MeiraGTx Reports Third Quarter 2021 Financial and Operational Results

November 10, 2021

LONDON and NEW YORK, Nov. 10, 2021 (GLOBE NEWSWIRE) -- MeiraGTx Holdings plc (Nasdaq: MGTX), a vertically integrated, clinical stage gene therapy company, today announced financial results for the third quarter ended September 30, 2021 and provided an update on recent progress.
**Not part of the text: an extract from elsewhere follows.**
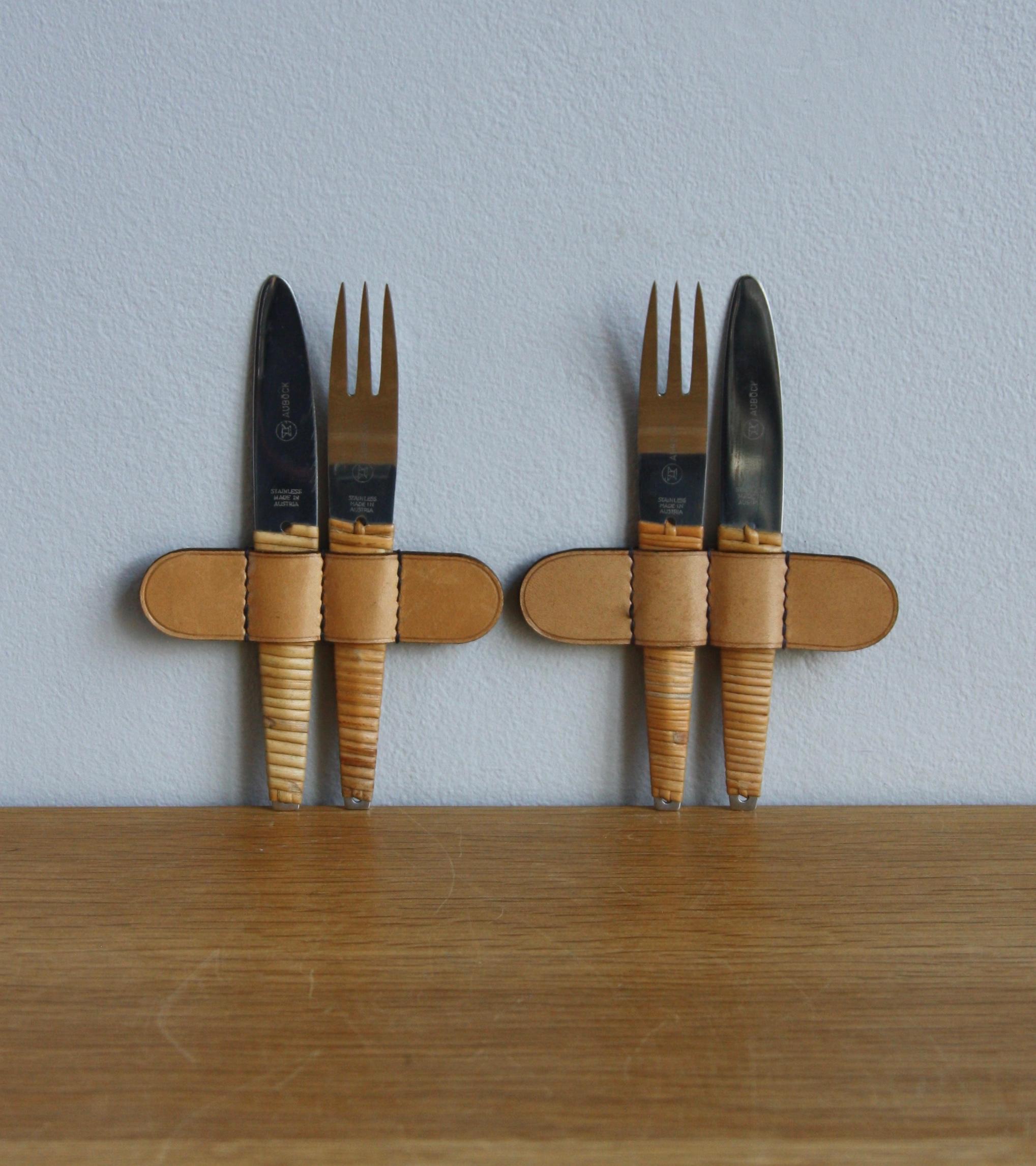 Austrian Vintage 1950s Two Sets of Knives and Forks Carl Auböck For Sale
During the quarter, MeiraGTx continued to progress the Phase 3 Lumeos Trial of botaretigene sparoparvovec, formerly referred to as AAV5-RPGR, in X-linked retinitis pigmentosa (XLRP) with its partner Janssen Pharmaceuticals, Inc. (Janssen), one of the Janssen Pharmaceutical Companies of Johnson & Johnson, with subjects currently screening. Data from the Phase 1/2 dose escalation study in RPGR patients presented at the EURETINA 2021 Virtual Meeting showed treatment with botaretigene sparoparvovec reverses the course of disease progression when retinal function assessed 12 months following treatment is compared with retinal function in these same subjects up to 48 months prior to treatment. The Company continues to successfully enroll subjects in its AQUAx Phase 1 study for treatment of Grade 2/3 radiation-induced xerostomia with 4 sites open and anticipates completing enrollment in the dose escalation phase of the study by the end of the year. The Company will provide a clinical update from the AQUAx study in early December. At the European Society of Gene and Cell Therapy (ESGCT) 2021 Annual Congress the Company presented data on its riboswitch gene regulation platform as well as data from two preclinical programs in ophthalmology targeting two different inherited retinal dystrophies, KCNV2 and GUCY2D.
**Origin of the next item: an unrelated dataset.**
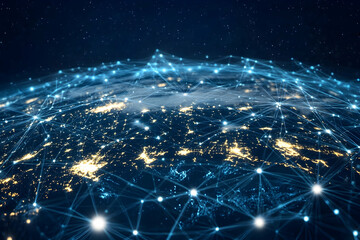 Poster - abstract technology background with connected dots and lines forming a global network structure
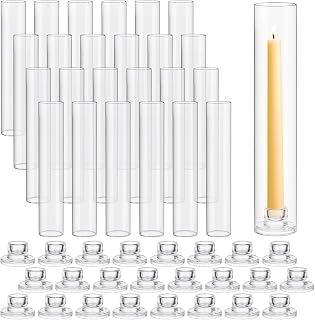 24 Set Glass Hurricane Candle Holders 11.8" Open Ended Glass Candleholder Tube Shape Bottomless and 1.26" Taper Clear Candlestick Holders for Wedding Party Table Centerpiece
“We continued to make significant progress this quarter advancing our clinical programs,” said Alexandria Forbes, Ph.D., President and Chief Executive Officer of MeiraGTx. “We are equally encouraged by the progress we have made in multiple preclinical programs, including several ophthalmology programs, our AAV-UPF1 program for ALS and our riboswitch gene regulation platform. We look forward to presenting the riboswitch gene regulation platform in further detail at our Research and Development Day in December.”
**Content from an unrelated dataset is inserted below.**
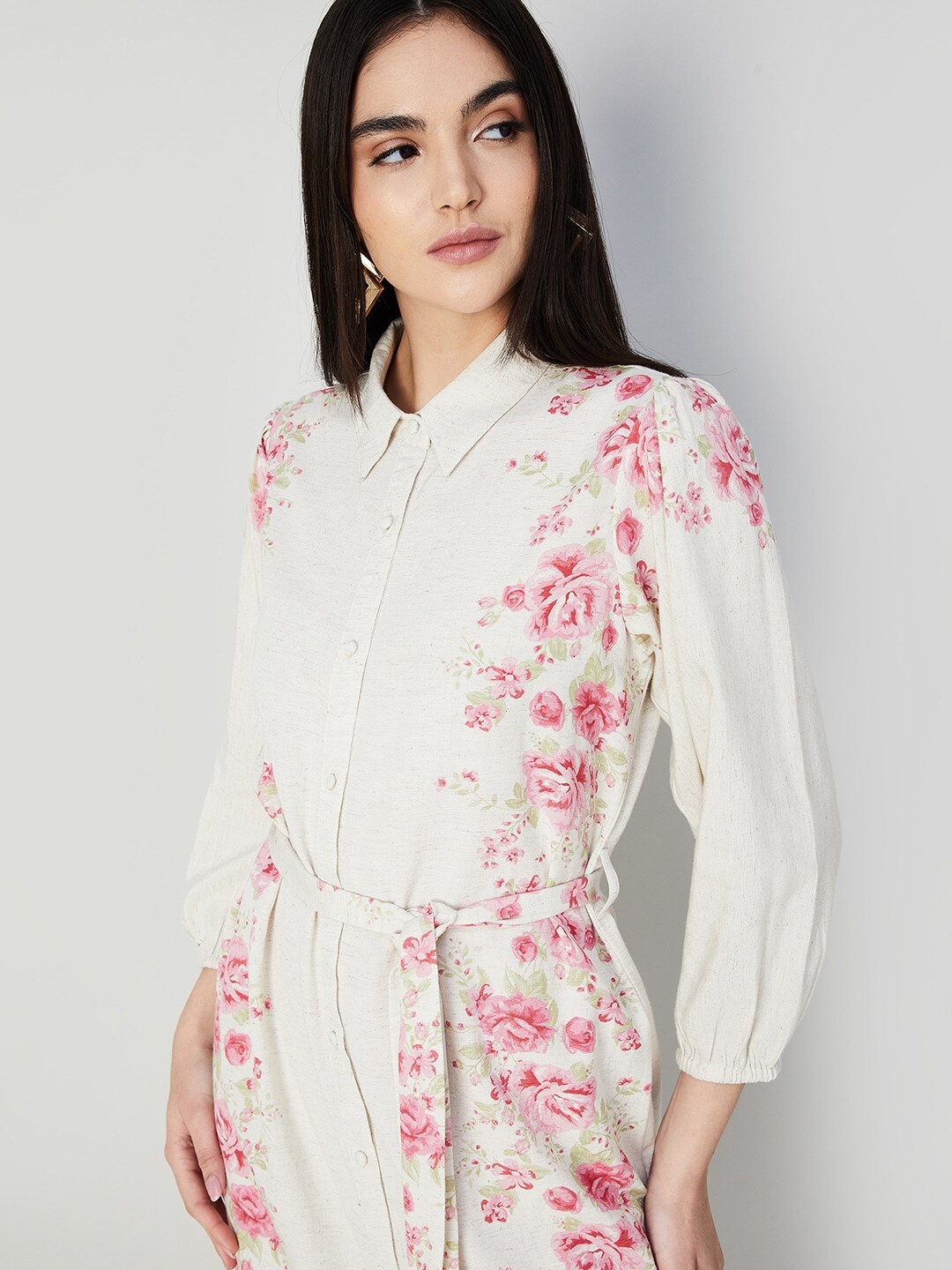 

CODE by Lifestyle Floral Printed Puff Sleeves Belted Shirt Dress, Beige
Third Quarter and Recent Corporate and Clinical Development Highlights

Botaretigene sparoparvovec for the Treatment of XLRP:

  • Twelve-month clinical data from MeiraGTx’s Phase 1/2 dose-escalation phase of study (MGT009) of botaretigene sparoparvovec were presented as an oral presentation at the EURETINA 2021 Virtual Meeting in September.
    • The retinal function of ten adult males aged 18-30 years with RPGR-associated XLRP was assessed 12 months post-treatment in MGT009.
  • For the intermediate dose-escalation cohort (N=4), intervention with botaretigene sparoparvovec in the poorer-seeing eye altered the course of natural disease progression.
  • At 12 months post-intervention, mean retinal sensitivity (MS) and volumetric analysis of the central 30 degrees of the retinal field (V30) in the treated eye were similar to levels observed 24 months pre-intervention, while the untreated eye showed a continued downward trajectory.

Riboswitch Gene Regulation Platform:

  • Data from the Company’s riboswitch gene regulation platform was presented at the ESGCT 2021 Annual Congress demonstrating reversible regulation of gene expression to high dynamic range in mammalian cells and precise dose-responsive activation of transgene expression in-vivo.

Pre-clinical Programs for Inherited Retinal Diseases (IRDs):
Data on novel vector development for gene replacement therapies in Inherited Retinal Diseases was presented at the ESGCT 2021 Annual Congress in October.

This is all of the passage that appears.